▶ _EXERCISE OBJECTIVE_:
Look for the line that has "Used 2020 Jeep" in the material below; please repeat it and every line after it, exactly, up to and including the line that has "Snapshot of Carol-Rose", and nothing else.

▶ _MATERIAL FOR THIS EXERCISE_:
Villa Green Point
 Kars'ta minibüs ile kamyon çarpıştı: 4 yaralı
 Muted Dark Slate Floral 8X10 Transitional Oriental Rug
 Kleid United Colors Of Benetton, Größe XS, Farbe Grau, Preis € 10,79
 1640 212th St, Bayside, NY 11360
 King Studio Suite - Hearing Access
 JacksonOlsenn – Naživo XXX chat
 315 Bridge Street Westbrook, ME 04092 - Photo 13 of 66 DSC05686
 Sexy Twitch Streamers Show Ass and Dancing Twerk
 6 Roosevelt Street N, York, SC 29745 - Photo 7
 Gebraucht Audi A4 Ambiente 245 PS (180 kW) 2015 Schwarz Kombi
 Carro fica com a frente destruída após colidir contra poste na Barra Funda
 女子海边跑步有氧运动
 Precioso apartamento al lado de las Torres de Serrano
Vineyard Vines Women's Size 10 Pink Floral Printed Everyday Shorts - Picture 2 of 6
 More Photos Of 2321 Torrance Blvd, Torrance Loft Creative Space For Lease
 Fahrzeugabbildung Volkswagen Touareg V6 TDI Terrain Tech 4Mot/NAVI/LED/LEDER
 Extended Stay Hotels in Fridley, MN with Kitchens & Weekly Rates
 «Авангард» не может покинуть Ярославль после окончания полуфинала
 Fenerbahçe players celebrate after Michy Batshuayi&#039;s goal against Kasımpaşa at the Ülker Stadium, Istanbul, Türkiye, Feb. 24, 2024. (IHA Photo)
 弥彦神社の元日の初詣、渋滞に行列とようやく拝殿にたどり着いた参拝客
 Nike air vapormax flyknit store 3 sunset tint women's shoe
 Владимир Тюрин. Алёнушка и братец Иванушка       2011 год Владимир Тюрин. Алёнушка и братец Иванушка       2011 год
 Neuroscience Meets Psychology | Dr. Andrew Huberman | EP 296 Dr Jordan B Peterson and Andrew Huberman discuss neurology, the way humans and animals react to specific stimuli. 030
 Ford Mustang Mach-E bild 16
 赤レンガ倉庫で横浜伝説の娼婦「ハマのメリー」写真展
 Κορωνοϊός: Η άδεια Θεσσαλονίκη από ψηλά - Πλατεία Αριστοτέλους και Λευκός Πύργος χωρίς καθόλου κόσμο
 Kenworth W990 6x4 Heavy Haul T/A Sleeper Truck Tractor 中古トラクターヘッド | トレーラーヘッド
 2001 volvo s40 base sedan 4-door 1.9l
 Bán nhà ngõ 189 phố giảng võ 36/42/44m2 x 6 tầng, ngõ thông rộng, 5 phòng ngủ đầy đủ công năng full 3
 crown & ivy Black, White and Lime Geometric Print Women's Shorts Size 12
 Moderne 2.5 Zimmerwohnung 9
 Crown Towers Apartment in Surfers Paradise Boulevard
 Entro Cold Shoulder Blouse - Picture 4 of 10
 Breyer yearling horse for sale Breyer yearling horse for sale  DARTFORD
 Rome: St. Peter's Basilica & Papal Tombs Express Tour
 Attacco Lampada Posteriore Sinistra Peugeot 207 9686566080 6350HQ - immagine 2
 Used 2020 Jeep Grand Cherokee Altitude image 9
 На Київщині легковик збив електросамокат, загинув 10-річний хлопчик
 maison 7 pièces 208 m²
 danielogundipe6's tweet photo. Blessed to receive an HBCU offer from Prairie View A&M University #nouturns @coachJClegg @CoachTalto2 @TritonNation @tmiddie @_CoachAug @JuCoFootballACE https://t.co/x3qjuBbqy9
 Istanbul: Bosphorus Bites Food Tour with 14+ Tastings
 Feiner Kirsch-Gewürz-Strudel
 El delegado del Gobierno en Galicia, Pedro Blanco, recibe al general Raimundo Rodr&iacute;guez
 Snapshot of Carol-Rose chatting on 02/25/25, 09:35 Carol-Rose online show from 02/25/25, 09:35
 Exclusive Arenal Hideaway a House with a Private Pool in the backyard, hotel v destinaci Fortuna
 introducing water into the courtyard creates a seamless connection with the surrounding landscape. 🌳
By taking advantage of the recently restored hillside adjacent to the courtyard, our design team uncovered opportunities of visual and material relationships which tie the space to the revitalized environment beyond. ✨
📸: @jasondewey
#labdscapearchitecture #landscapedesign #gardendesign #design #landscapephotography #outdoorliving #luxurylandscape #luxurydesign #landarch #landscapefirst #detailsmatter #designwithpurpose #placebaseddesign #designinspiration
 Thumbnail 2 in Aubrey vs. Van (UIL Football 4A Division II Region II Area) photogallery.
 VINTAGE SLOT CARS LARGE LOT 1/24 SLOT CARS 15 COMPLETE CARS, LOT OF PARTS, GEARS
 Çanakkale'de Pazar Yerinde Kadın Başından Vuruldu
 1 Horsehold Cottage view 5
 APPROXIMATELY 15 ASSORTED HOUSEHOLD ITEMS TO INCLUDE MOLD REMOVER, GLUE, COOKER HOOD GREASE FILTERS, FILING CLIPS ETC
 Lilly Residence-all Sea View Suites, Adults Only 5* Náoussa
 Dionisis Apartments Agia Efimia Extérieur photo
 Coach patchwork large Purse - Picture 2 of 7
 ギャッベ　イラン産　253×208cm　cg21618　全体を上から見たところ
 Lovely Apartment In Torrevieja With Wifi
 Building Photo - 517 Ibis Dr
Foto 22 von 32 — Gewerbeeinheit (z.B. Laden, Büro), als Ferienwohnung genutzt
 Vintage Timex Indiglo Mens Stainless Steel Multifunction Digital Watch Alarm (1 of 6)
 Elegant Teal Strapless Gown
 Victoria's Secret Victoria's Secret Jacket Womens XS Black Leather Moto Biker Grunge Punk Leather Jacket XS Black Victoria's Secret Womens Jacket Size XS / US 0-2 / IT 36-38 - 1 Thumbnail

▶ _OUTPUT OF THE TASK_:
 Used 2020 Jeep Grand Cherokee Altitude image 9
 На Київщині легковик збив електросамокат, загинув 10-річний хлопчик
 maison 7 pièces 208 m²
 danielogundipe6's tweet photo. Blessed to receive an HBCU offer from Prairie View A&M University #nouturns @coachJClegg @CoachTalto2 @TritonNation @tmiddie @_CoachAug @JuCoFootballACE https://t.co/x3qjuBbqy9
 Istanbul: Bosphorus Bites Food Tour with 14+ Tastings
 Feiner Kirsch-Gewürz-Strudel
 El delegado del Gobierno en Galicia, Pedro Blanco, recibe al general Raimundo Rodr&iacute;guez
 Snapshot of Carol-Rose chatting on 02/25/25, 09:35 Carol-Rose online show from 02/25/25, 09:35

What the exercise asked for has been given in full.